Condi’s job is to develop a “third option”. She will dance round and round, waltzing with that third option. She will dance faster and faster with it, spinning and spinning, all around she’ll go — but when she’s done she’ll see that she’s dancing with a corpse.
This President is the kind of president who believes it is his moral responsibility to address serious problems now and not to leave these tough actions to a successor.
Those are the cold, harsh realities that we face — and to me, as I look ahead, I don’t see how we come out of this without military action. Unless Iran abandons its nuclear weapons intentions, which I don’t see happening, there will be a war.
So war with Iran is inevitable, right? Clemons says no – arguing that Cheney’s influence is on the wane, the military is strongly opposed to action, and that the President’s body language suggests air strikes are unlikely:
To date… nothing suggests Bush is really going to do it. If he were, he wouldn’t be playing good cop/bad cop with Iran and proposing engagement. If the bombs were at the ready, Bush would be doing a lot more to prepare the nation and the military for a war far more consequential than the invasion of Iraq. There is also circumstantial evidence that he has decided bombing may be too costly a choice.
All very reassuring. Until you reach the last few paras, that is, when Clemons starts back pedalling:
What we should worry about, however, is the continued effort by the neocons to shore up their sagging influence. They now fear that events and arguments could intervene to keep what once seemed like a “nearly inevitable” attack from happening. They know that they must keep up the pressure on Bush and maintain a drumbeat calling for war.
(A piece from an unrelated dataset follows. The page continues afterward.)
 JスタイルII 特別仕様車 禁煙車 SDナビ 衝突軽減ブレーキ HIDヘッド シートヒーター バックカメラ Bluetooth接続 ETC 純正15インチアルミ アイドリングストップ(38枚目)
They are doing exactly this during September and October in a series of meetings organized by the American Enterprise Institute on Iran and Iraq designed to reemphasize the case for hawkish, interventionist deployments in Iraq and a military, regime-change-oriented strike against Iran. And through Op-Eds and the serious political media, the “bomb Iran now” crowd believes they must undermine those in and out of government proposing alternatives to bombing and keep the president and his people saturated with pro-war mantras.
We should also worry about the kind of scenario David Wurmser floated, meaning an engineered provocation. An “accidental war” would escalate quickly and “end run,” as Wurmser put it, the president’s diplomatic, intelligence and military decision-making apparatus. It would most likely be triggered by one or both of the two people who would see their political fortunes rise through a new conflict — Cheney and Iranian President Mahmoud Ahmadinejad.
That kind of war is much more probable and very much worth worrying about.